678. À Herve, la jeune fille qui désire se marier va prier à la chapelle St-Joseph qui se trouve près de la gare. Elle doit mordre dans un treillis de fer qui clôt une niche creusée dans une masse de pierre conique, renfermant la statuette du saint.

656. Pour voir en rêve celui qu’elle doit épouser, la jeune fille doit manger un hareng cru et non nettoyé (Verviers).

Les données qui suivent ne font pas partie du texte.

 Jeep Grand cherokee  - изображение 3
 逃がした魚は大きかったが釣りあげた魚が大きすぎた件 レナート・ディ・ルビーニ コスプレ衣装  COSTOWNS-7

657. À Liège, la jeune fille qui désire voir en rêve son futur mari, doit, le jour de la Saint-André, 30 novembre, à minuit, s’asseoir sur son lit, enlever ses bas et les jeter, sans se retourner, derrière le chef du lit, en même temps qu’elle achève de se coucher et qu’elle dit en wallon ou en français la formulette :


Sin-t’Andri, Saint André,
Bon batli, Bon batelier,
Fè m’vèyî è m’dwèrman Faites-moi voir en mon dormant
L’si k’dj’ârè-st è m’vikan[1]. Celui que j’aurai en mon vivant.
Qu’il tienne dans sa main
L’outil de quoi gagner son pain.

Le lendemain, au saut du lit, elle va examiner ses bas qui doivent, étant à terre, former la lettre initiale du nom de son futur mari.

658. À Liége, la jeune fille, chaque soir, pendant sept jours, compte sept étoiles dans le ciel et recommence patiemment, si un jour les nuages s’interposent. Ayant enfin réussi, elle croit que le premier jeune homme qui lui tendra la main sera son futur mari ; à Nivelles, elle compte neuf étoiles pendant neuf jours.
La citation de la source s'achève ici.